_What is being asked_
Starting from the line with "foto-van-de-maand-maart-2021-straatartiesten-rusten-in-rusland", please copy exactly every line to the end of the listing, but not the pictures.

START Records supplied

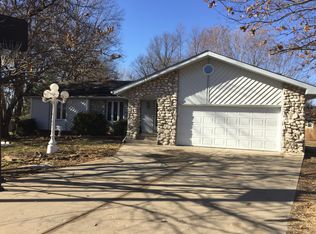 1651 W Seminole St, Springfield, MO 65807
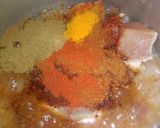 A picture of step 2 of Chicken Gravy Masala.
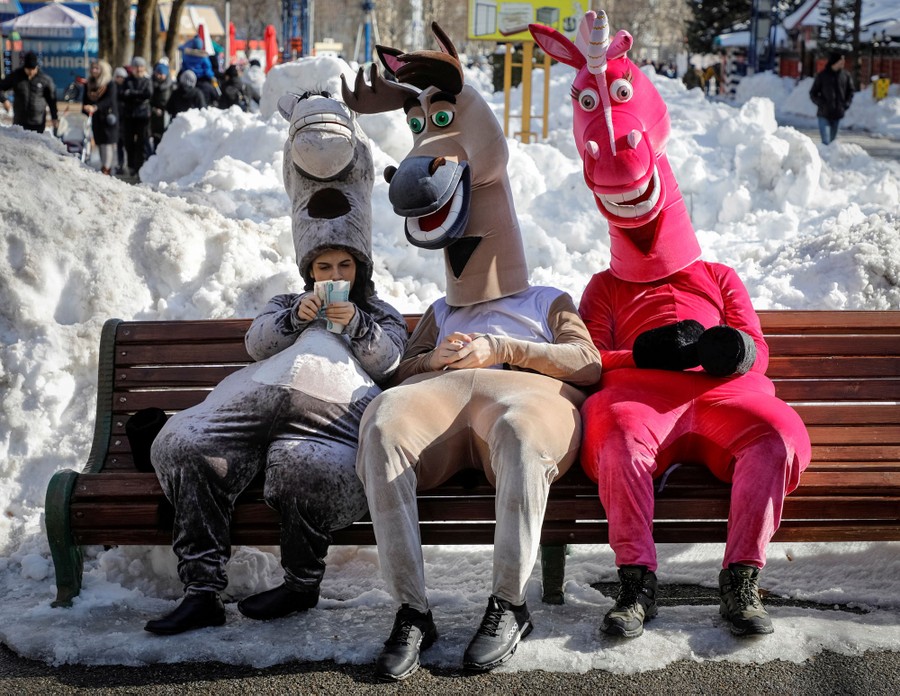 foto-van-de-maand-maart-2021-straatartiesten-rusten-in-rusland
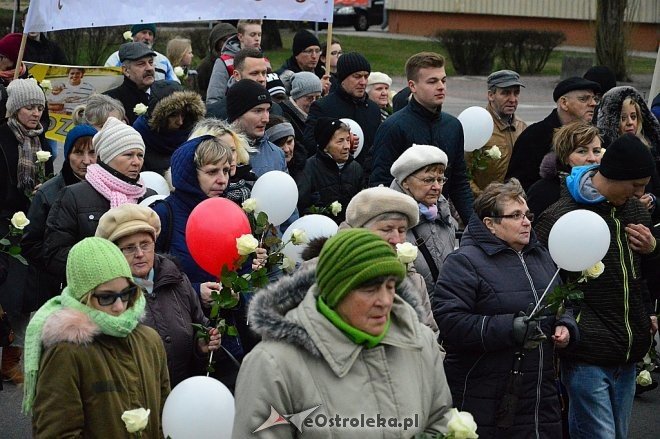 Marsz dla Życia i Rodziny w Ostrołęce [25.03.2017] - zdjęcie #25 - eOstroleka.pl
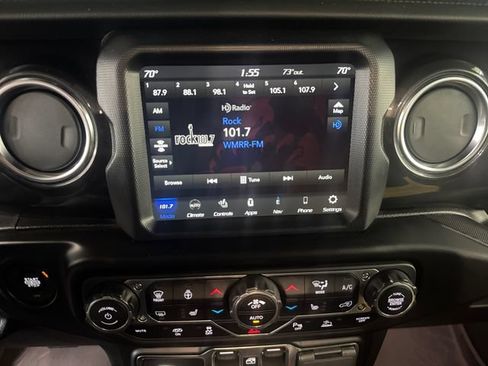 Used 2022 Jeep Wrangler Unlimited Rubicon w/ Dual Top Group AWD/4WD image 6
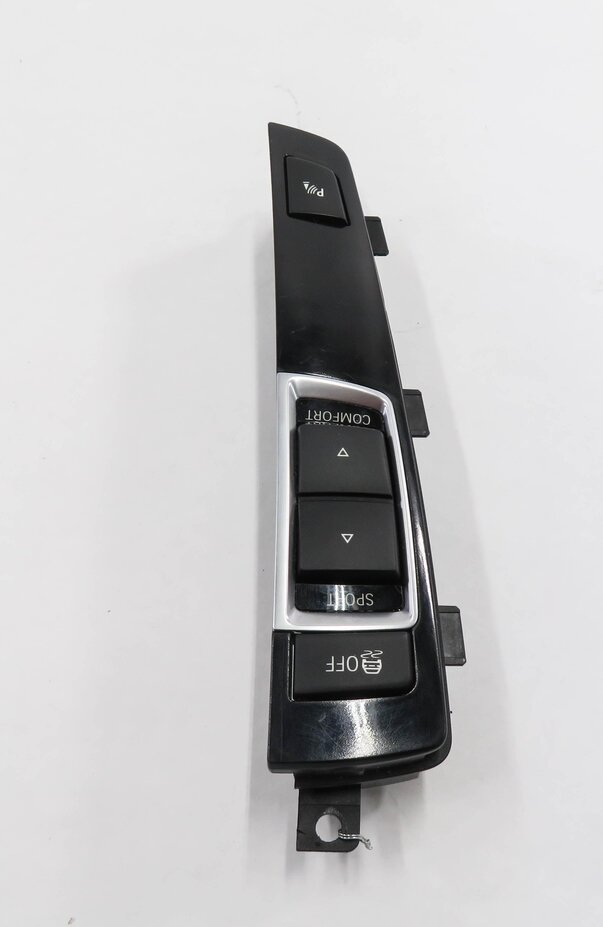 Thumbnail 5: 2012 BMW 750i (F01) TRACTION CONTROL SPORT COMFORT PDC SWITCH BUTTON PANEL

END Records supplied

_Output_
 foto-van-de-maand-maart-2021-straatartiesten-rusten-in-rusland
 Marsz dla Życia i Rodziny w Ostrołęce [25.03.2017] - zdjęcie #25 - eOstroleka.pl
 Used 2022 Jeep Wrangler Unlimited Rubicon w/ Dual Top Group AWD/4WD image 6
 Thumbnail 5: 2012 BMW 750i (F01) TRACTION CONTROL SPORT COMFORT PDC SWITCH BUTTON PANEL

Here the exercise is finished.